The site was registered by the opposition DEM party, and more than 900,000 people have already signed up, according to the group.
Although the movement is being led by opposition political forces, the Folha de S.Paulo newspaper reported that it had received support from some in government, including members of the PMDB -- Rousseff's biggest ally in the ruling coalition and the country's biggest political party.
Eduardo Cunha, a senior PMDB member and speaker of Brazil's lower house, is set to begin analyzing impeachment requests against Rousseff this week. Cunha recently announced he was joining the opposition, but has already said most requests will likely be thrown out.
Hundreds of thousands demonstrators have repeatedly taken to the streets this year to call for the president's impeachment for perceived economic mismanagement and a vast corruption scandal at state-run oil giant Petrobras, which has ensnared top political and business figures. Rousseff was chairwoman at the company while much of the wrongdoing allegedly took place, but has denied all knowledge and has been cleared by investigators.
Rousseff has been attempting to garner support in government for additional cuts and tax hikes totaling 65 billion reais ($17 billion), after Congress was handed a 2016 federal budget proposal last week with an unprecedented primary deficit.
The government wants to reinstate the so-called CPMF tax on financial transactions. The tax would be set at 0.2 percent and be levied for four years, Finance Minister Joaquim Levy said Monday. The government had already considered and dismissed reviving the unpopular levy, discontinued in 2007, ahead of the budget's delivery.
The new tax would boost government revenues by 32 billion reais next year, but congressional leaders told the G1 news portal that it would be "extremely difficult" to get Congress to approve the proposal.
It comes after Brazil was stripped of its prized investment-grade credit rating by U.S. ratings agency Standard & Poor's due to concerns about mounting political turmoil and a lack of governability to tackle growing debt.

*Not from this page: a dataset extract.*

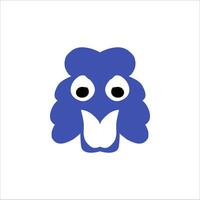 cute character head vector illustration for children educational use with different shapes and cute doll characters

Analysts believe the two other major agencies -- Fitch and Moody's -- could follow suit by the end of the year, with a double "junking" leading to catastrophic asset withdrawal by investors.
Economists surveyed by Brazil's central bank predicted Monday that the economy -- Latin America's largest -- would shrink by 2.55 percent this year and 0.6 percent in 2016, while inflation was forecast to reach 9.29 percent this year.